## Collected data
• • • • • • •

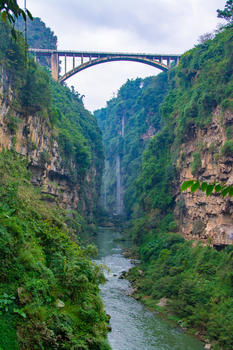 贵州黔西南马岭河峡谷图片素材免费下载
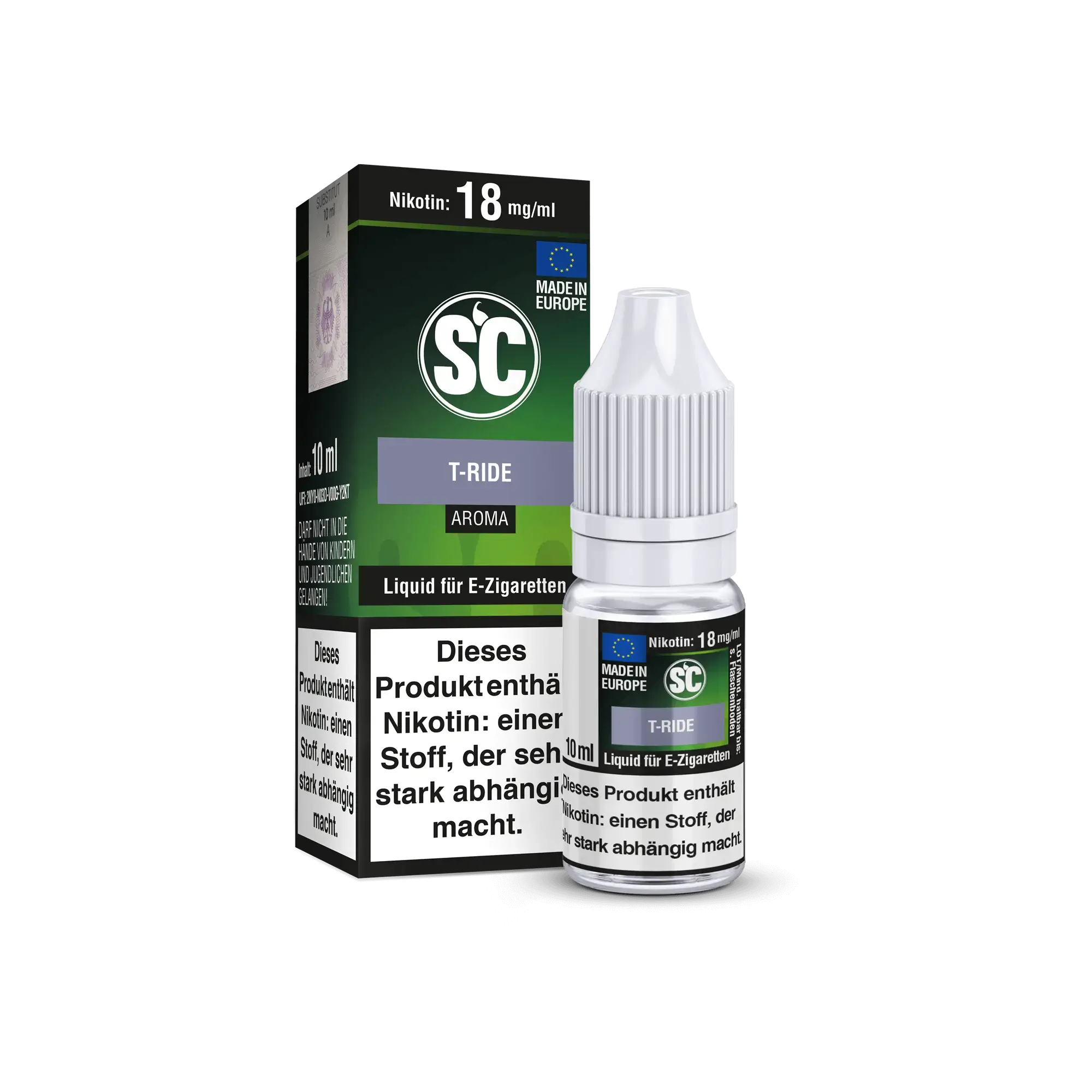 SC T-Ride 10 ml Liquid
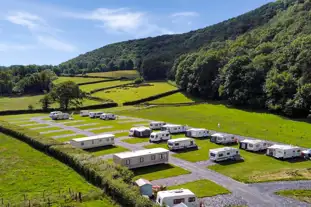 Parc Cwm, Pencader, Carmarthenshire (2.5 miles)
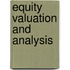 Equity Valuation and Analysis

• • • • • • •

## What to produce
Everything in the material goes into the copy exactly, except the images.

## Task output
 贵州黔西南马岭河峡谷图片素材免费下载
 SC T-Ride 10 ml Liquid
 Parc Cwm, Pencader, Carmarthenshire (2.5 miles)
 Equity Valuation and Analysis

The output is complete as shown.